0

Issue After I parse the parquet file, the timestamp value is showing as 16 character long string, e.g. "ACrpbPIZAABOfyUA". I would like to convert it into a readable timestamp format like 2017-10-24T03:01:50 in Java.

SO Search In SO, I find that my question is similar to parquet int96 timestamp conversion to datetime/date via python. However, I need to programmatically convert the string value into timestamp in Java. So, the solution for Doug to use spark-shell or parquet-tools command line in the mentioned post doesn't work for me.

Further Search I also found that if the timestamp value is in 12 byte array format, I can convert it following Cast int96 timestamp from parquet to golang. However, I got stuck on understanding the string format or figuring out a way to convert the string into the 12 byte array format.

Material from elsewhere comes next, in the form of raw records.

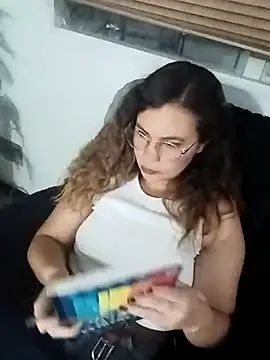 Snapshot of gigi_stephans chatting on April 2026 02:55:01 AM gigi stephans online show from April 2026 02:55:01 AM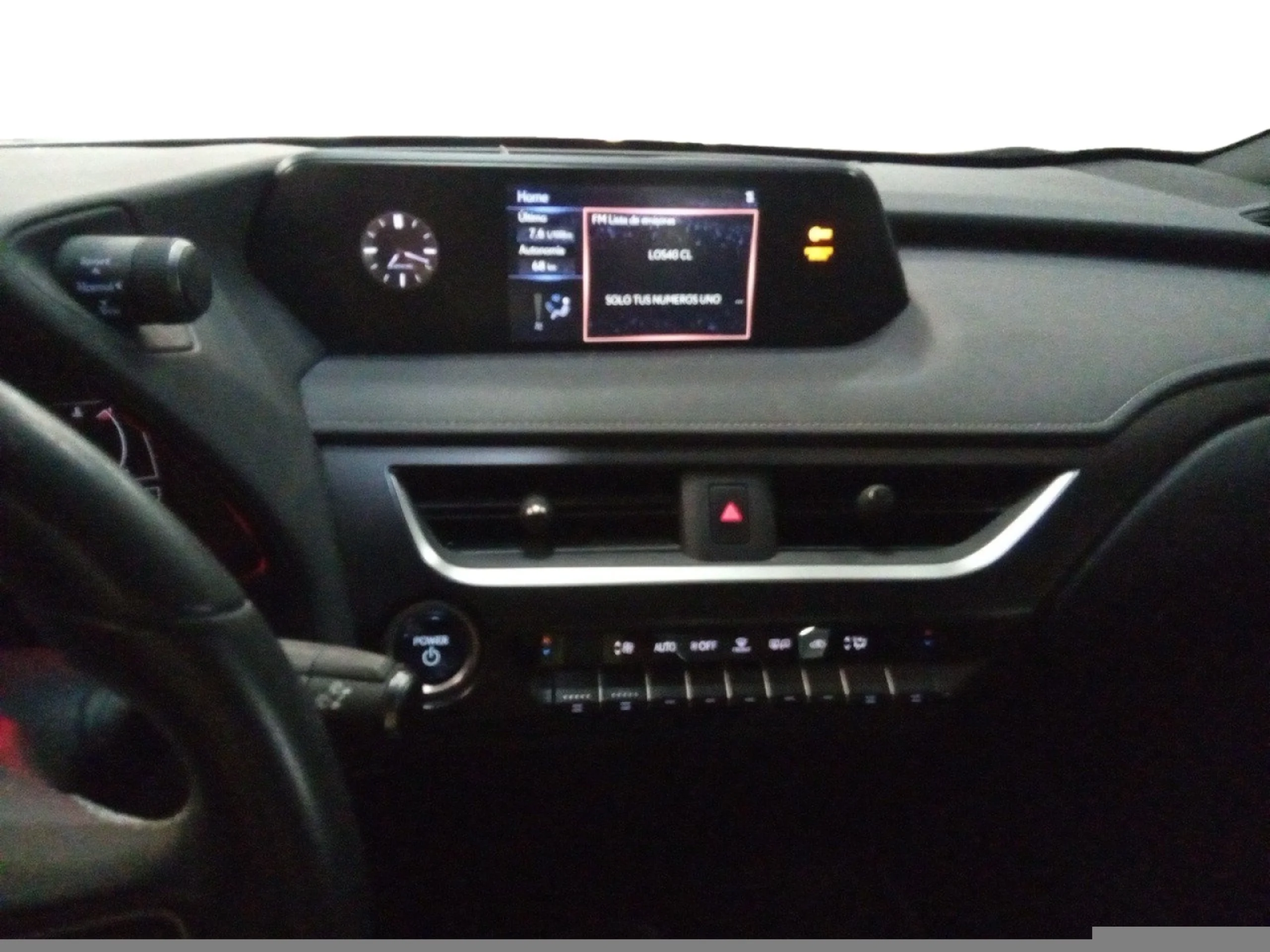 Lexus UX 2.0 250H BUSINESS - Foto 12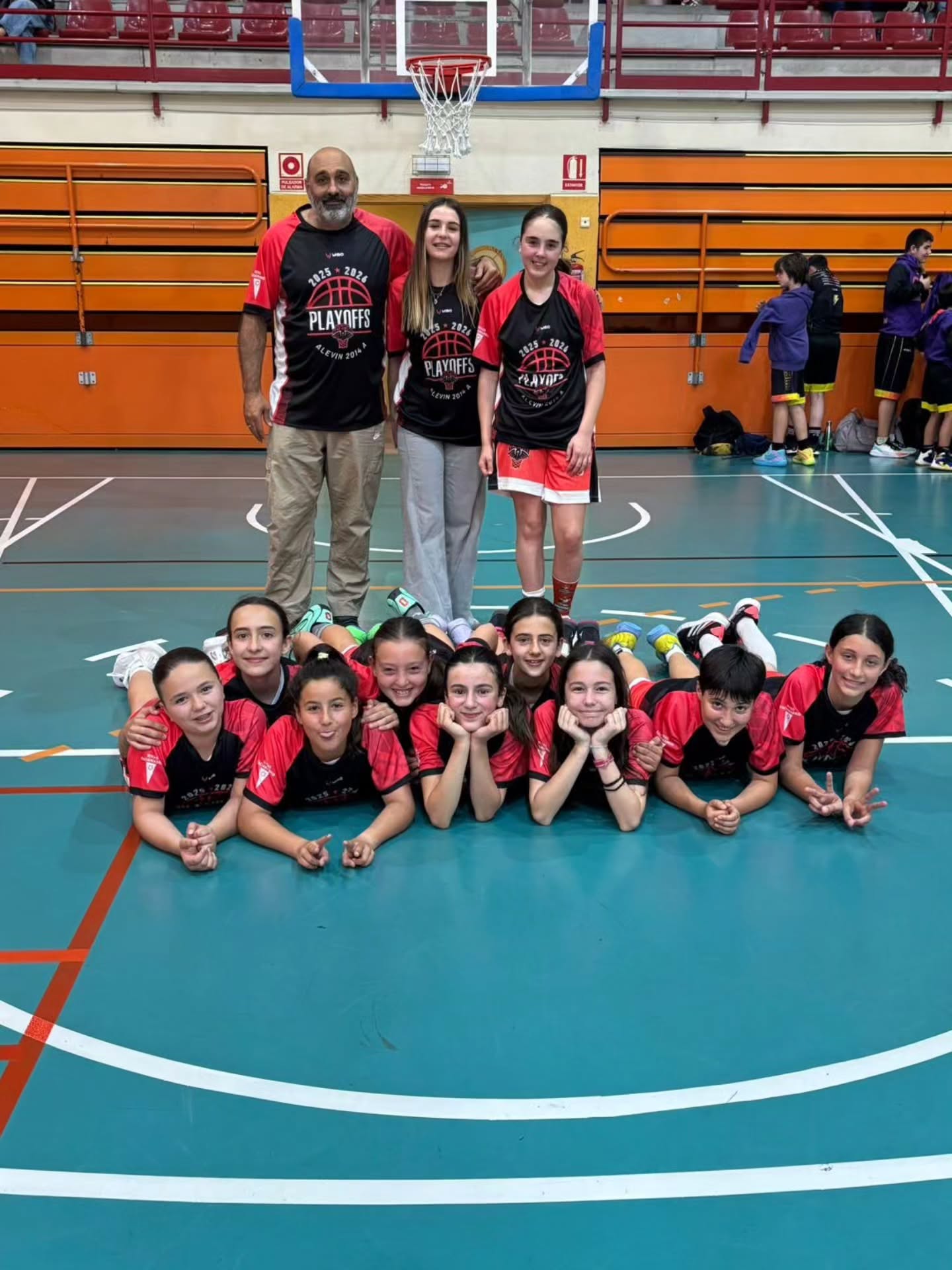 Y llegaron los play off ! y qué mejor manera que hacerlo contra otro equipo del club. En este play off no hay perdedores sino un ganador: el BALONCETO RIVAS que ha sido capaz de meter en play off a dos de sus equipos. El A por haberse ganado su participación gracias a su temporada anterior, y el B por su primer puesto en su grupo. Lo de menos el resultado, lo mejor lo vivido en el campo con jugadoras que han estado entrenando dias juntas preparando partidos y donde se apreciaba el buen rollo entre ellas. En la grada sólo un grito "Rivas Rivas" y entregado a todas estas niñas , en los banquillos admiración de unos a los otros.
Ahora disfrutemos de esta situación que nos han brindado estos dos equipos y el próximo viernes llenemos las gradas del SURESTE de rojo a las 20 de la noche y disfrutemos de un partido entre dos grandes equipos de este Club que esperemos que sea el primero de muchos.
Me gustaria felicitar a Elisa y a Jesús por el trabajazo que han hecho con estas niñas y que al igual que sus niñas disfruten de estos play off.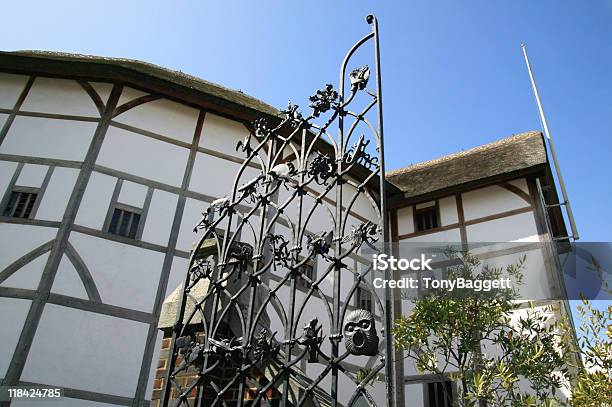 Globe Theatre - Fotografie stock e altre immagini di Globe Theatre - Globe Theatre, Londra, William Shakespeare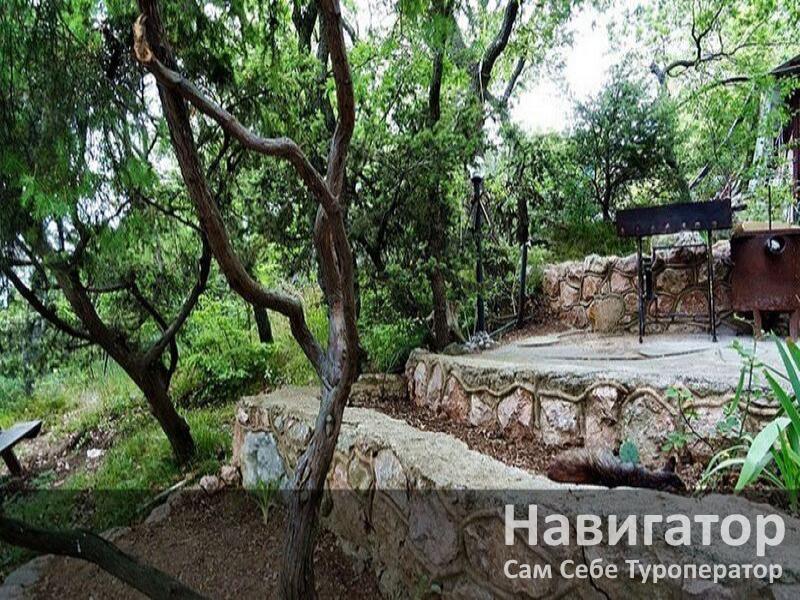 ГРИН ХИЛЗ (GREEN HILLS) - мини-гостиница в Алупка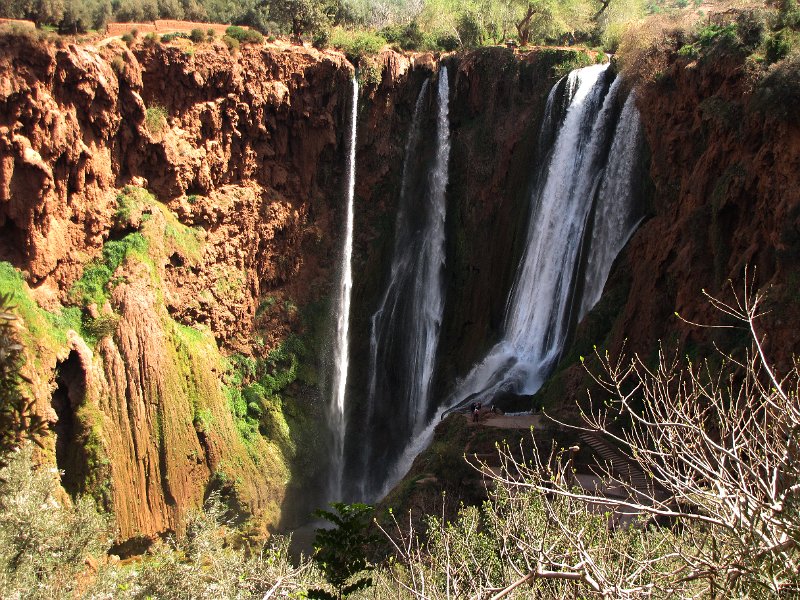 160312_watervallen van ouzoud.jpg - Vrijdagochtend vertrekken we uit Beni Mellal richting Marrakech. Rond lunchtijd stopt de bus bij Ouzoud om de watervallen te bekijken. De watervallen van Ouzoud zijn erg populair als uitje voor dagjesmensen. Rond de watervallen vind je dan ook veel eetgelegenheden en souvenirstalletjes.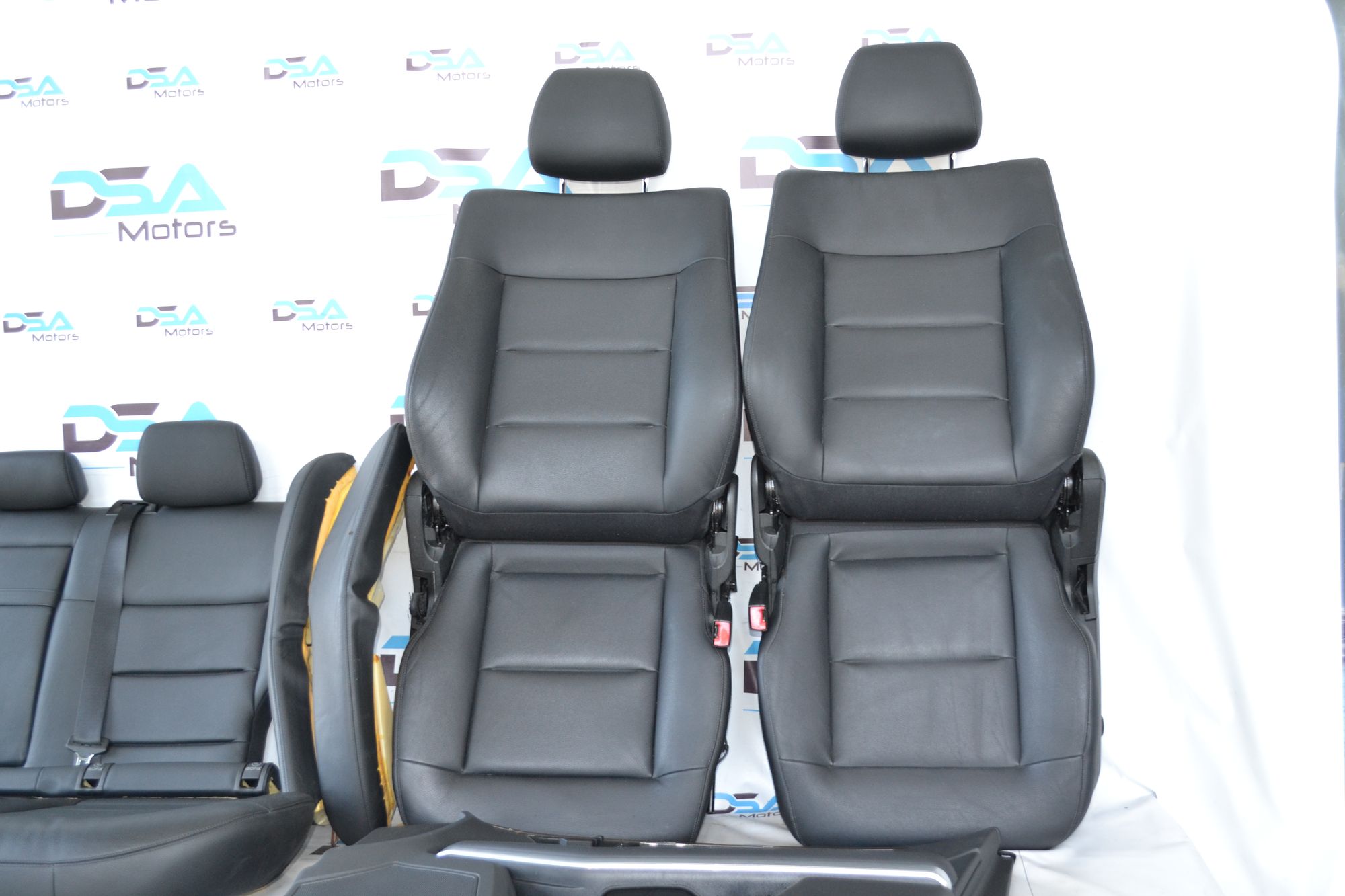 https://ycs.partsauto.market/partsauto-images/thmbs/userImages/b7628e092085f1f91467af1afb6e7630/part/b4fb5ee7-b162-4f9b-aa56-782d4498a7e3_1783945580476.jpg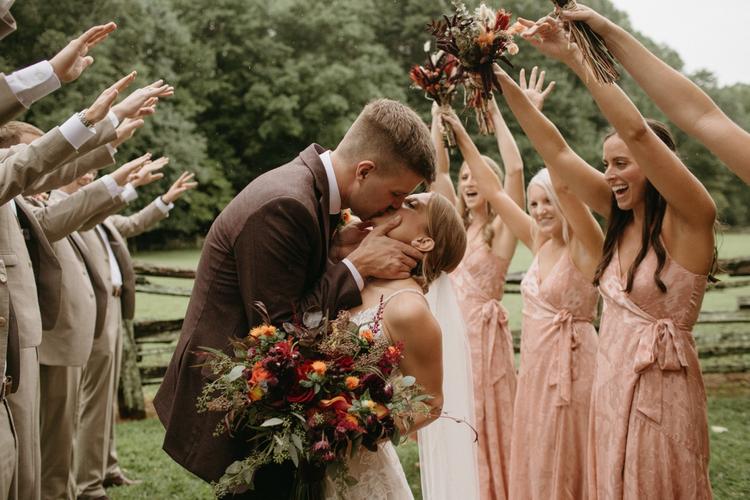 How to Pose with Your Wedding Party On Your Wedding Day - Atlanta, GA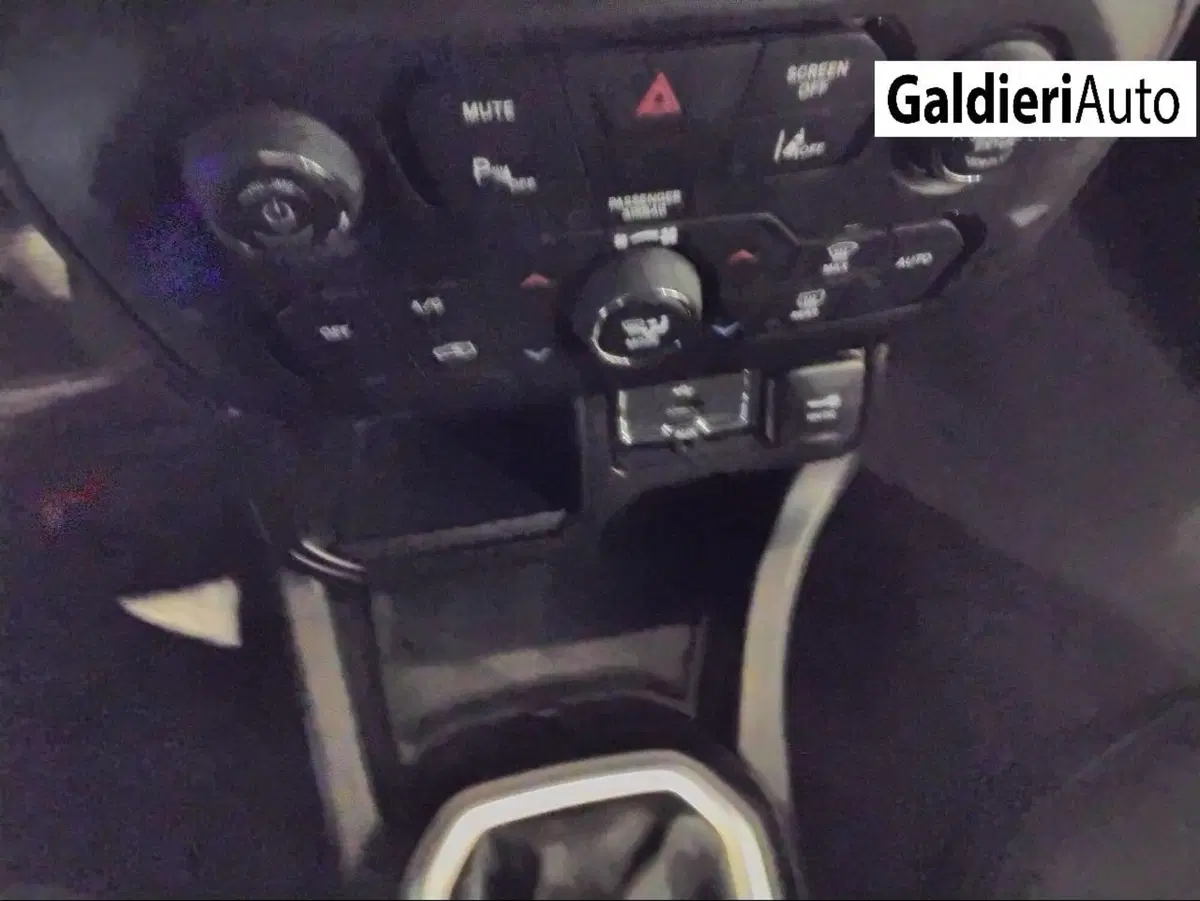 Jeep Renegade usata a Salerno (16)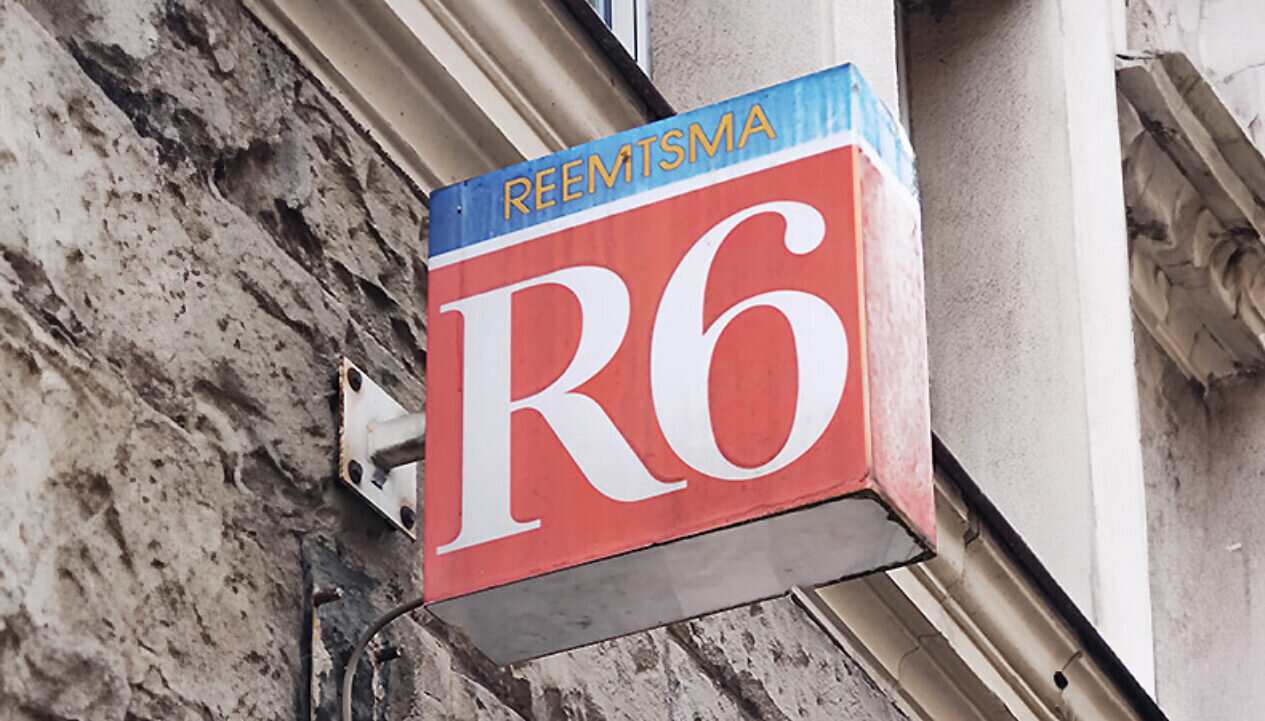 OldSign_790px_2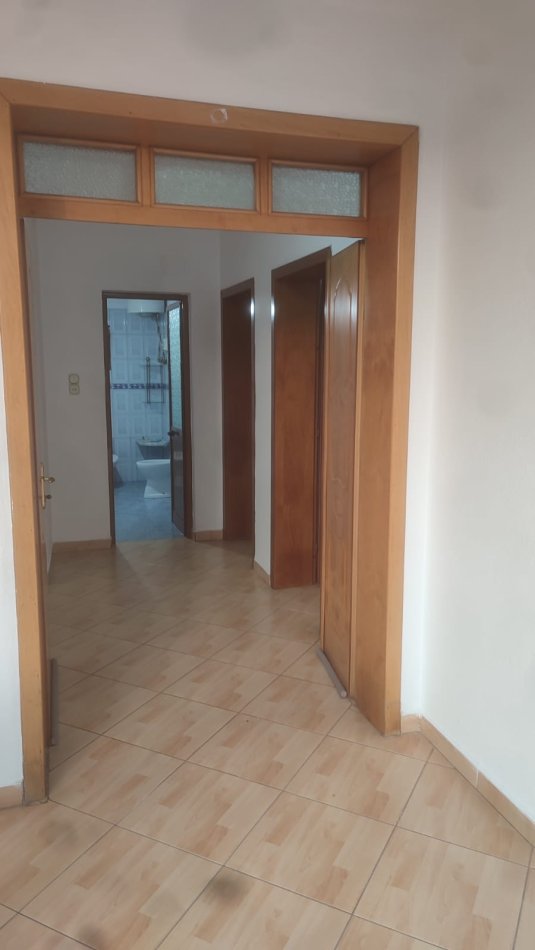 Tirane, jepet me qera apartament 2+1 Kati 3, 100 m² 300 € (Don Bosko)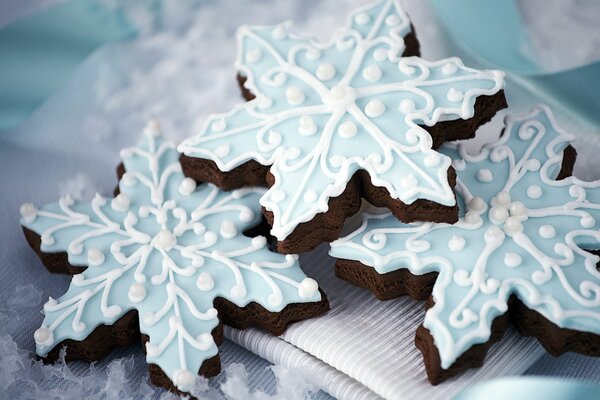Biscuits de Noël avec motif de flocon de neige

Your help is highly appreciated!

  • How are you parsing the parquet file? Will you show a [mcve] that illustrates what you have done so far? – Code-Apprentice May 26 '23 at 21:09
  • I ask because my first suggestion is to find a library that gives you a date object rather than the string. If you are already using a library for parsing the file, see if it has a function for this conversion. If you are not relying on a library and insist on doing all the work yourself, then you might need to use base64 decoding to turn the string into an array of bytes. This is just a guess because the example you give looks like it might be base64 encoded. – Code-Apprentice May 26 '23 at 21:11
  • 3
    That String looks like it is Base64 encoded... `Base64.getDecoder().decode("ACrpbPIZAABOfyUA")` will return a 12 byte array – user16320675 May 26 '23 at 21:34
  • I found a Java solution [here](https://stackoverflow.com/questions/53690299/int96value-to-date-string). You'll need to find a way to convert the `String` value to a byte-array. – Reilas May 26 '23 at 23:34
  • 2
    If I decode _"ACrpbPIZAABOfyUA"_ from _Base64_, I get _"2016-02-03T07:55:29"_. – Reilas May 27 '23 at 01:11
  • @user16320675, you are correct that the string is base64 encoded. I tested it that I can successfully parse the string to timestamp format. – etcxuyr May 29 '23 at 15:59

2 Answers2

2

I converted the Go code from here.

LocalDateTime int96ToJulian(byte[] parquetDate) {
    ByteBuffer buffer;
    buffer = ByteBuffer.wrap(Arrays.copyOfRange(parquetDate, 0, 8));
    buffer.order(ByteOrder.LITTLE_ENDIAN);
    long nano = buffer.getLong();
    buffer = ByteBuffer.wrap(Arrays.copyOfRange(parquetDate, 8, parquetDate.length));
    buffer.order(ByteOrder.LITTLE_ENDIAN);
    int dt = buffer.getInt();

    long l = dt + 68569;
    long n = 4 * l / 146097;
    l = l - (146097*n+3)/4;
    long i = 4000 * (l + 1) / 1461001;
    l = l - 1461*i/4 + 31;
    long j = 80 * l / 2447;
    long k = l - 2447*j/80;
    l = j / 11;
    j = j + 2 - 12*l;
    i = 100*(n-49) + i + l;

    LocalDateTime localDateTime = LocalDateTime.of((int) i, (int) j, (int) k, 0, 0, 0);
    return localDateTime.plusNanos(nano);
}

Example using "2000-01-01 12:34:56", here.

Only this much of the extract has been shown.